I eventually came back to the fact that it was a _very_ long single line... that a simple regex could match. Could that be it anyway? I removed a few thousand characters and wow! It started matching again.

I eventually found that (for the size of regular expression we're using) strings of 13808 characters or less would match, but any more and the match would fail.... silently. I did this with the following code:


My string started with 14979 characters!

I wondered how much of this was because it was a very long _line_ as opposed to a very long string. So I edited the data file to add newlines after each url. It matched immediately!

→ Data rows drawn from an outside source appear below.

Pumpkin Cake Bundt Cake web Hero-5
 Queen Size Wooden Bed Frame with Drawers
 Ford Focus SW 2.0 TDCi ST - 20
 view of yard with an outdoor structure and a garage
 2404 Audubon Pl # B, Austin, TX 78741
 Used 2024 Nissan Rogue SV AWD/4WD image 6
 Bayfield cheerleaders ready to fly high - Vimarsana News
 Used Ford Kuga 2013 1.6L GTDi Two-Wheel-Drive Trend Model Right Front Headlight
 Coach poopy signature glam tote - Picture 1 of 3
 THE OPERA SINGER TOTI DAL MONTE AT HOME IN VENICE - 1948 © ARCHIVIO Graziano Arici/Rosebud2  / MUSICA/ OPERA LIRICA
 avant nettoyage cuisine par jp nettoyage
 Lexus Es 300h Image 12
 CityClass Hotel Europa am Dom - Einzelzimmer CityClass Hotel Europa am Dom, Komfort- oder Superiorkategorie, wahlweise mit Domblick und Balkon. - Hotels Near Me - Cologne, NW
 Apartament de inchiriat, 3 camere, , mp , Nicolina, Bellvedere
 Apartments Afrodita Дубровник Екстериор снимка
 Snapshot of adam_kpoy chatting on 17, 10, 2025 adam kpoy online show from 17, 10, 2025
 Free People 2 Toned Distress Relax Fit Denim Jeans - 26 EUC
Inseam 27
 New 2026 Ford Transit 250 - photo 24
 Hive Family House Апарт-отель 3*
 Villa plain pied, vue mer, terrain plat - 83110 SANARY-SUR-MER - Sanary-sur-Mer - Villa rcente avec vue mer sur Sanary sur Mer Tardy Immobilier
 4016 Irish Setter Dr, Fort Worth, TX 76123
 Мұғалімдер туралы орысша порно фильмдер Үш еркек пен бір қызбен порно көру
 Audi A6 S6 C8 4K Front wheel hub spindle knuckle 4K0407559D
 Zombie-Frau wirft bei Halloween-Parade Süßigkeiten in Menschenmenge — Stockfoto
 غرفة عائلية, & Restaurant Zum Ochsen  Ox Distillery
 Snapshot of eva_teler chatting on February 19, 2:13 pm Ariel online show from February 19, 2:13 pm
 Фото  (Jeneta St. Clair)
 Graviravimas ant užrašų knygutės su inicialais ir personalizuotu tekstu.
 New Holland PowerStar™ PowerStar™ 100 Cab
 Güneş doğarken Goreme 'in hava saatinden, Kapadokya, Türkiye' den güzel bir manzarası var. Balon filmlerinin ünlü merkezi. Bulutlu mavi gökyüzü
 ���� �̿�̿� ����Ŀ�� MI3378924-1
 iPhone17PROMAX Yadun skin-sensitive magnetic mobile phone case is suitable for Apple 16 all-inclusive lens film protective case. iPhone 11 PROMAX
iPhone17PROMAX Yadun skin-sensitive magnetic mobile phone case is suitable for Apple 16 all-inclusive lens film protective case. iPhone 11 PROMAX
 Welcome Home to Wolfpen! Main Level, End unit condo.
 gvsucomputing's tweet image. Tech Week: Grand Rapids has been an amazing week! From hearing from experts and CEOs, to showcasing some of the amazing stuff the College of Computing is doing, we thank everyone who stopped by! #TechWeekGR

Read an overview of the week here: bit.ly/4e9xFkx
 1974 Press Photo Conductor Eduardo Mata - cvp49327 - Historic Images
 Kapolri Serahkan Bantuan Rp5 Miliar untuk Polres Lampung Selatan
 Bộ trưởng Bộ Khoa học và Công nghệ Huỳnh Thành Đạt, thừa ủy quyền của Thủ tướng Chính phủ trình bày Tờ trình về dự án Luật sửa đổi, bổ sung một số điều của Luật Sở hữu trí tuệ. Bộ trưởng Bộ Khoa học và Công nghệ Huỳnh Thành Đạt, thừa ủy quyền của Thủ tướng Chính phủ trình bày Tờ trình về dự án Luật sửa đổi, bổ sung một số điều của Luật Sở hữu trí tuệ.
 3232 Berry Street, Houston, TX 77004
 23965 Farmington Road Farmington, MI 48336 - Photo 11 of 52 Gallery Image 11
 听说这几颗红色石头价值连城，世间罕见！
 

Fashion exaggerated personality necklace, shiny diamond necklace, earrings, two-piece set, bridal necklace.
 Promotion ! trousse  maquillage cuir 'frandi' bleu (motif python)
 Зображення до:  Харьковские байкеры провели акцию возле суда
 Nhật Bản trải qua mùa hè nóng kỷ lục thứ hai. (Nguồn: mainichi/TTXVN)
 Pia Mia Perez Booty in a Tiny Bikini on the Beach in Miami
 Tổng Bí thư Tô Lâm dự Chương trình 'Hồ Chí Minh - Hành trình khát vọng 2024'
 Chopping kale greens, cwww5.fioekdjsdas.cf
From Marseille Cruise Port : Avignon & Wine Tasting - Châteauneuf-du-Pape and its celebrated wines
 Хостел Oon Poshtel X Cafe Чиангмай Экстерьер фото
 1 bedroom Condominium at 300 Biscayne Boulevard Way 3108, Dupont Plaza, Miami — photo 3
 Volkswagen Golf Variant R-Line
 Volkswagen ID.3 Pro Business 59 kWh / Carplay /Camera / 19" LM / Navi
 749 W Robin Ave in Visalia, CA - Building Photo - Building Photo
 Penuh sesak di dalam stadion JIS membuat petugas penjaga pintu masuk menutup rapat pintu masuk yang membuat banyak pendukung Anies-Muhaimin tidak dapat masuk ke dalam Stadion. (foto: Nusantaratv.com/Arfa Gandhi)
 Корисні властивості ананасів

I thought about the length of the regular expression (it's 2584 characters). The simple regular expression ifrance\.com had worked, so I wondered if the failure was due to alternation or capturing. I added in a small hunk of the real regex for about 30 characters (4 alternations) and it still matched. Removing a third of the real regex length (string length, not necessarily alternation opportunities) resulted in matching the string one character earlier but that was it.

Odd.


Seems like a bug

Shlomi Fish on 2007-08-27T15:31:23

This seems like a bug, and needs to be reported. Can you supply the offending string and regex? It may be a bug in PCRE, which is the regex engine that PHP uses for doing that. Trying the same with an equivalent ANSI C program using PCRE, may be instructive in pin-pointing the problem.

Regards, Shlomi Fish.

Re:Seems like a bug

jarich on 2007-08-28T05:12:07

That's what I think too. Mind you, I'm using PHP 4.3.10-22 so maybe it's already been fixed. I mentioned it only because it seemed so unlikely.

If you have a more up to date version of PHP or just want to have a play, then you can download my test script and two test files (both which fail at first and then match as they lose length) from http://perltraining.com.au/user/jarich/php-pcre.tgz.

The two files are clean.txt and dirty.txt. dirty.txt is one page of the spam that was successfully tricking the regular expression; the spam is obnoxious and sexually explicit, certainly not safe for work. When using dirty.txt you'll probably want to chop off the last 1150 characters straight away just to speed up the success time. clean.txt is some generated text, which oddly had to be much, much bigger than dirty.txt in order to make the regex fail. For more data points: all the spam on 28th August 2007 from http://perl.net.au/ cleaned up between 2 and 3pm (Australian Eastern Standard Time) which mentions ifrance.com cause this problem.

Passing the same data to Perl with an exactly equivalent regular expression resulted in a match straight away.

All the best,

jarich

Re:Seems like a bug

Shlomi Fish on 2007-08-28T10:11:28

Running a slightly modified test script against php-cli-5.2.3-10mdv2008.0 with libpcre0-7.2-1mdv2008.0, I'm getting:

746
745
744
743
742
741
740
739
738
737
Matched spam.

So it got worse. I can later try it with grep -P or with pcregrep.

Kind of a known bug.... sort of

jarich on 2007-08-28T07:39:01

I brought this up with Ben Balbo (an excellent PHP programmer) and he mentioned that there are two similar bugs which have been submitted in the past.

As he says:

The first suggests it's a limitation of PCRE, and the second simply dismisses it as not implying a bug in PHP itself.

As the PCRE website appears to be having problems, I'm at a loss how to get this issue fixed. I've worked around it, but really I'd just rather it behaved properly.